The “Ruta de las Lagunas” is an epic motorcycle ride across the Bolivian altiplano, the Andes high plateau. It's a notoriously adventurous route with gorgeous bright-colored lagoons occupied by thousands of flamingos in front of full of snow-capped volcanoes. Riding this route is not for the faint-hearted though, but if you are up for the challenge, I promise you, you won't regret it!

Here are my 10 tips to get the most out of your visit to this stunning part of the world.

Laguna Colorado, Bolivia

Bring enough food and fuel

Riding the Ruta de las Lagunas is mostly done by organized tour groups. There are not many people traveling by themselves through this region. That means that all accommodation is geared towards accommodating groups of people together in dorm rooms. Private rooms are not always available.
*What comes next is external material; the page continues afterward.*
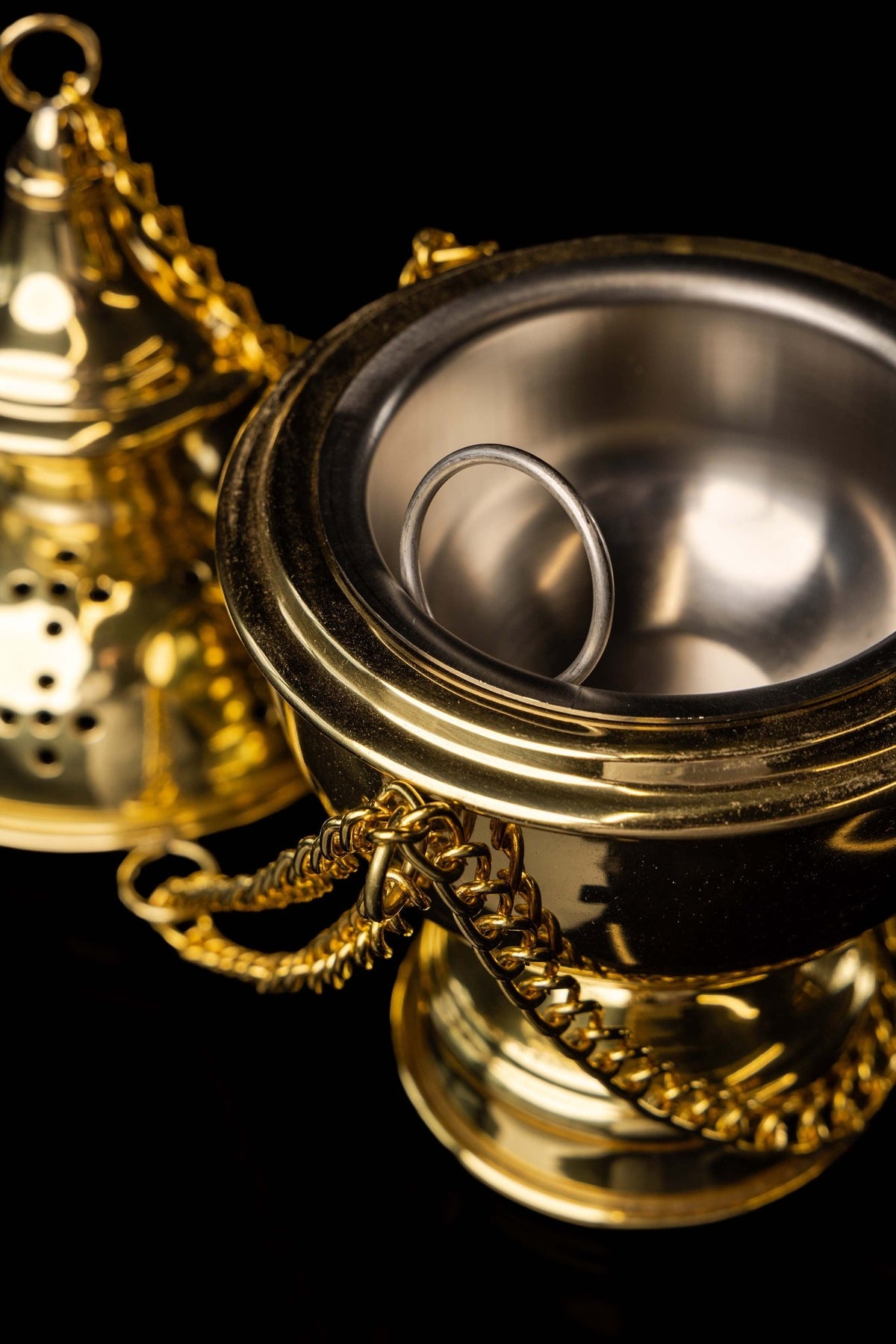 Mosiężny trybularz liturgiczny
The companies that organize these 4x4 tours bring their own food with them, so there are not many restaurants along the Ruta de las Lagunas, either!

I was not aware of this situation and ended up with left-overs from tour groups, and got fed by locals who shared their meal with me. So, bring your own food, or plenty of snacks as a bare minimum.

The entire trip from San Pedro de Atacama until Uyuni is about 450 kilometers. The first petrol station you'll encounter is located in San Christobal, around 90 kilometers before Uyuni. This means that you'll need to bring fuel to last you at least 350 kilometers. In case you do run out before you reach San Christobal, you don't have to panic. Try your luck with locals, or even better approach tour groups. They bring spare fuel with them and with a big smile you are very likely to buy a few liters of them. But as always, it's better to come prepared!

In episode 57 you can see my first day of riding the Ruta de las Lagunas!

2. Avoid other tourists by knowing the tour group schedules

The Bolivian altiplano is huge and you'll find yourself riding alone most of the time. However, there are a few tourist sights along the way, such as the hot springs, the geysers and the rock tree, which are mandatory stops for tour groups. Come here at the wrong time of the day, and you will see 30 - 40 land cruisers parked with a sea of tourists flooding the sight.

If you want to have the place for yourself, try to figure out what the best times are to visit. The app ‘iOverlander' is a good resource to start with. You'll find comments indicating at what times the tour groups were there, hence at which times you need to make sure you are somewhere else! Another way is to ask locals or even better the 4x4 drivers of those tours. They will give you plenty of information about their schedule.

3. Don't attempt this route in a 2WD!

Of course, I am not talking about a two-wheeled motorcycle. Motorcycles will do fine and their riders will have a blast unless they are too heavily packed! The road is not easy, and the heavier your motorbike is, the more difficult it is to ride the Ruta de las Lagunas.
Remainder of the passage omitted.